The Rules of Engagement

Posted by Nishant Shah at Oct 29, 2012 03:50 AM |
Why the have-nots of the digital world can sometimes be mistaken as trolls. I am not sure if you have noticed, but lately, the people populating our social networks have started to be more diverse than before.
The Rules of Engagement

We need to stop imagining that the person on the other side of the interface is necessarily like us, and develop new networks of nurture.

Nishant Shah's column was published in the Indian Express on October 29, 2012.

Oh, sure, we are still talking about a fairly middle-class hang-out that happens largely in English and is restricted to people in urban environments who have the economic and cultural capital of access. But if you browse through your friends’ lists and compare it with, say, the network from five years ago, you will realise that the age demography has changed quite dramatically. I am not suggesting that the Web was only the realm of the young – let us face it, the people who actually created the infrastructure of the Web were not tiny tots. However, with Web 2.0 at the turn of the millennium, we have had an extraordinary focus on young people online.

But as the networks grow to include more people, there are now a lot of people online, who might not be the 16-year-old BlackBerry-wielding digital native, nor be in the “business of internet” but are finding a space for themselves, tentatively and steadily negotiating with this new space. Some of it might be because, those of us who were new kids on the block in the Nineties, are now older by a decade and are still on the block, but replaced by newer kids around the block. Some of it might be because there is an ease of access as portable computing devices grow more personal and get more people to use their smartphones as a gateway into the online worlds. But a lot of it is actually because the fold of the Web is expanding. The digital spaces of conversation are being integrated into our everyday lives and practices, replacing older forms of media and information structures and processes of social and cultural belonging.

And so, even though the penetration of the interwebz is not as rapid in countries like India as one would have hoped for, we do see a wide age group of people coming online, forming networks, and entering into conversations. I hadn’t really realised this, even though I was adding them to my social networks, that the digital immigrants are now here, and they are here to stay. It suddenly surfaced in my thoughts, because I recently heard a few narratives which made me dwell on the effort and the learning that one takes for granted but is a prerequisite for belonging to these new social spaces.

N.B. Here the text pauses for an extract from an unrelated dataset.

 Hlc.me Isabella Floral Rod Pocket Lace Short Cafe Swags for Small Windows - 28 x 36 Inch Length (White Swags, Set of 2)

One of the first complaints I heard was about a hostility that many digital immigrants face when they start engaging with the social media. They follow the manuals. They read the FAQs. They look at patterns, and learn. And yet, even when they seem to be doing what seems to be exactly what everybody else is doing, they are often told that they got it all wrong. This is bewildering for many, because they cannot really see the difference. And the reason is that the social web is governed by a whole lot of unwritten rules and codes, which clearly are the rites of passage into the online world. These are not things that can be taught. These are not written in a guideline that tells you how to behave on Facebook or how to sift through the live-streams on Twitter. It is a fiercely guarded set of dos and don’ts which clearly distinguish between the digital natives and the digital immigrants, reinforcing exclusivity and exclusion. And when the digital immigrant violates these rules, they are often faced with a sneer, a sarcastic comment, or a dismissal as “not with it”.

The second thing I have repeatedly noticed is “calling troll” to people who do not always know these rules. Trolling is not new to the world of the internet. People who disrupt conversations and discussions by posting provocative or tangential information, by voicing hateful opinions, by passing harsh judgments, or sometimes by willfully breaking the rules of the communities, in order to seek attention and interrupt the flow of conversations are called trolls. Trolls are universally frowned upon and trolling wars often take up epic proportions because people get emotionally invested in them. Trolls are often shamed publicly, their mistakes brought into an embarrassing spot-light and ridiculed in back-channels or even in public discussions.

Calling somebody a troll presumes that the user is conversant with the rules of the game and is then breaking them, working with the idea that if you are online, you are naturally a digital native. The digital immigrants often create noob mistakes that can appear troll-like but are not intended to be so, and are often on the receiving end of a community’s hostility. And it is time, now that our online networks are growing, for us to realise that our presumptions about who is online need to change. If we are looking at an inclusive Web, we need to stop imagining that the person on the other side of the interface is necessarily like us, and develop new networks of nurture, which allows the digital immigrants safe spaces to experiment, make mistakes, and learn like the best of us. The next time, before you call somebody a troll, see if it might just be somebody learning the tricks of the trade. If they are doing something wrong, just politely point it out to them. And remember, acceptance is not only for people who are like us, but about people who are markedly unlike us.